1.7 Issuance of Shares. As soon as reasonably practicable after
each exercise of this Warrant in accordance with Sections 1.1 and 1.2 hereof,
and in any event within ten (10) days of the Company's receipt of a duly
executed Subscription Notice, the Company at its expense (including the payment
by it of any applicable issue taxes) will cause to be issued in the name of and
delivered to the holder hereof, or as such holder (upon payment by such holder
of any applicable transfer taxes) may direct,
(a) a certificate or certificates for the number of duly
authorized, validly issued, fully paid and nonassessable shares of Common Stock
to which such holder shall be entitled upon such exercise, and
(b) in case such exercise is in part in accordance with
Section 1.2 only, a new Warrant or Warrants of like tenor, representing the
portion of Warrant Stock with respect to which this Warrant shall not then have
been exercised.
2. Certain Adjustments.
2.1 Mergers or Consolidations.

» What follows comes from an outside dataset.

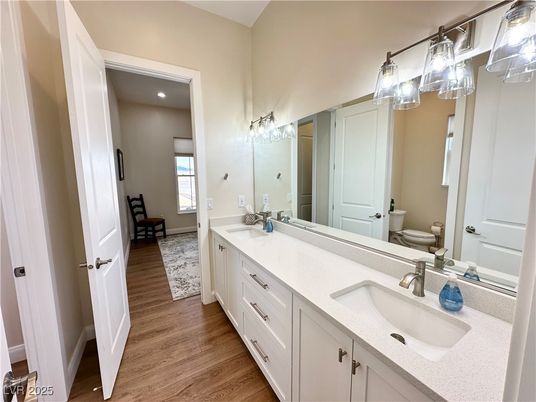 Bathroom, Dual Sink Vanities, Interior, Recessed Lighting, Wood Texture Flooring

If at any time there shall be a
capital reorganization (other than a combination or subdivision of Warrant
Stock otherwise provided for herein), or a merger or consolidation of the
Company with another corporation other than an Acquisition, then, as a part of
such reorganization, merger or consolidation, lawful provision shall be made so
that the Investor shall thereafter be entitled to receive upon exercise of this
Warrant, during the period specified in this Warrant and upon payment of the
Warrant Price, the number of shares of stock or other securities or property of
the Company or the successor corporation resulting from such reorganization,
merger or consolidation, to which a holder of the Common Stock deliverable upon
exercise of this Warrant would have been entitled under the provisions of the
agreement in such reorganization, merger or consolidation if this Warrant had
been exercised immediately before that reorganization, merger or consolidation.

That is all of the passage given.